Copy each line of the entries below that contains the string "para".

Short web captions
*** Block opens ***
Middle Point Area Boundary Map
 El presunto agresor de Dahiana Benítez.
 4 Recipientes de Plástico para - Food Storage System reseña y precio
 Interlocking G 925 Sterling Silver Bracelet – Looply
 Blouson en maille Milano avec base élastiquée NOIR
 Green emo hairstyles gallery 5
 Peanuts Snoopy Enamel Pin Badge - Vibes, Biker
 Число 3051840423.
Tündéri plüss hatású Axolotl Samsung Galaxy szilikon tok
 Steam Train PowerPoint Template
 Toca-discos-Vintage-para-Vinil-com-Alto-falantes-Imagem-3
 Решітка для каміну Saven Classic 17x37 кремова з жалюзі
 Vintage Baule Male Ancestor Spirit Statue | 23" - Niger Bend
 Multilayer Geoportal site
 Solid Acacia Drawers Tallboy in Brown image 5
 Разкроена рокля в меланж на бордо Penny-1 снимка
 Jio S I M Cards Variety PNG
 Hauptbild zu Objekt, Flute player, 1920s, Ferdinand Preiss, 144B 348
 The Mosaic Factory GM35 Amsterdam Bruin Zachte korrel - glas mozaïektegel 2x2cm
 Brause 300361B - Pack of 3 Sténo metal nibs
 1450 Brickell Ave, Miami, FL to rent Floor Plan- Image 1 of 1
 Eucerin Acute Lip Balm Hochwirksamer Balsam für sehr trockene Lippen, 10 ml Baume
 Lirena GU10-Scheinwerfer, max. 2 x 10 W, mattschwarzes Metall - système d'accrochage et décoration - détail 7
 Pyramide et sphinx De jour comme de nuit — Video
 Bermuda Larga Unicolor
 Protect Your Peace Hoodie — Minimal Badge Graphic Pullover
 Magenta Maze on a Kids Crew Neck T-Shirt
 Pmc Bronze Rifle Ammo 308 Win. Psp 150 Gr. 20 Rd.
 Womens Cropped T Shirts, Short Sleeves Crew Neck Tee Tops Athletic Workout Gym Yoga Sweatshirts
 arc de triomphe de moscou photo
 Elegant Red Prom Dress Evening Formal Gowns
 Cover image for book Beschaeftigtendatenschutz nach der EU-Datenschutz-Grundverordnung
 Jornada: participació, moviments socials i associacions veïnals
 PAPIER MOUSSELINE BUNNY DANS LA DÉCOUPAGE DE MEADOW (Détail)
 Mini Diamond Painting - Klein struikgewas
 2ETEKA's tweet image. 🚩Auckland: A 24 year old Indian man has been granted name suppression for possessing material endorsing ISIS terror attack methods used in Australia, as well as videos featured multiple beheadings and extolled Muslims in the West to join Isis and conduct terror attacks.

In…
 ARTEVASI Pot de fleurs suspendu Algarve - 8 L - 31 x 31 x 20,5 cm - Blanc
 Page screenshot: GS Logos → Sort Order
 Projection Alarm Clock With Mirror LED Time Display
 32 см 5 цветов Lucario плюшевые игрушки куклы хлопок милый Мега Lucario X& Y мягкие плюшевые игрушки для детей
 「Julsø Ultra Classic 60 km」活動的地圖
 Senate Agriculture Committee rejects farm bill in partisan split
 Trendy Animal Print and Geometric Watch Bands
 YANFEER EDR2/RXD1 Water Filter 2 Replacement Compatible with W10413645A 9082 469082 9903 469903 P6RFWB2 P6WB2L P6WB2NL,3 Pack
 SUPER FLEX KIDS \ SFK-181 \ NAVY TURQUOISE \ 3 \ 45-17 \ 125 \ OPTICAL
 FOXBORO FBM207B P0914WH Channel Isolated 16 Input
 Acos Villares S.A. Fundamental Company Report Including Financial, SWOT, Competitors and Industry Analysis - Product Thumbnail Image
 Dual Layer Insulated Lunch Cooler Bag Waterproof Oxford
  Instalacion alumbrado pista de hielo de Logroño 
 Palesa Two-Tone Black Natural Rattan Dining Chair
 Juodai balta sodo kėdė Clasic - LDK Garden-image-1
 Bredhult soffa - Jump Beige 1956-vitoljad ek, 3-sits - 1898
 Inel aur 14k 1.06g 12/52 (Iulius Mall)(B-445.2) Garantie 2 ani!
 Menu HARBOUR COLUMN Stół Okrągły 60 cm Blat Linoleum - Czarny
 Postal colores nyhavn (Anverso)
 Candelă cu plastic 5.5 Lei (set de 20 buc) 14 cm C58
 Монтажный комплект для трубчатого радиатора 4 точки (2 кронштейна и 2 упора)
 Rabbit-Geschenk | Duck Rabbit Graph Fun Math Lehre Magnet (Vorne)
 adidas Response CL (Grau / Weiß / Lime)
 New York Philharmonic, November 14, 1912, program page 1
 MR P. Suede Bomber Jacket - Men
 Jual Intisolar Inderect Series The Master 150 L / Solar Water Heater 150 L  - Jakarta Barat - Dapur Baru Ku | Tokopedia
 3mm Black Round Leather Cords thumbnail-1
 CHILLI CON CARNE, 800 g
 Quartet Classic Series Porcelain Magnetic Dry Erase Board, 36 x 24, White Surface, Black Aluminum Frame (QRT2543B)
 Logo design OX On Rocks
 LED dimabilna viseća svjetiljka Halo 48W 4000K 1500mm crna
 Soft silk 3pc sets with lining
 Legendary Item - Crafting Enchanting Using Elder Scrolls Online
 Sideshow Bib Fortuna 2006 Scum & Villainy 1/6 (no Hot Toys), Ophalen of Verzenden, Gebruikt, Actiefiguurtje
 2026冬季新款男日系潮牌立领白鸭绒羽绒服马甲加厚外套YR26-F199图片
*** Block closes ***
• _Answer to the problem_
 4 Recipientes de Plástico para - Food Storage System reseña y precio
 Toca-discos-Vintage-para-Vinil-com-Alto-falantes-Imagem-3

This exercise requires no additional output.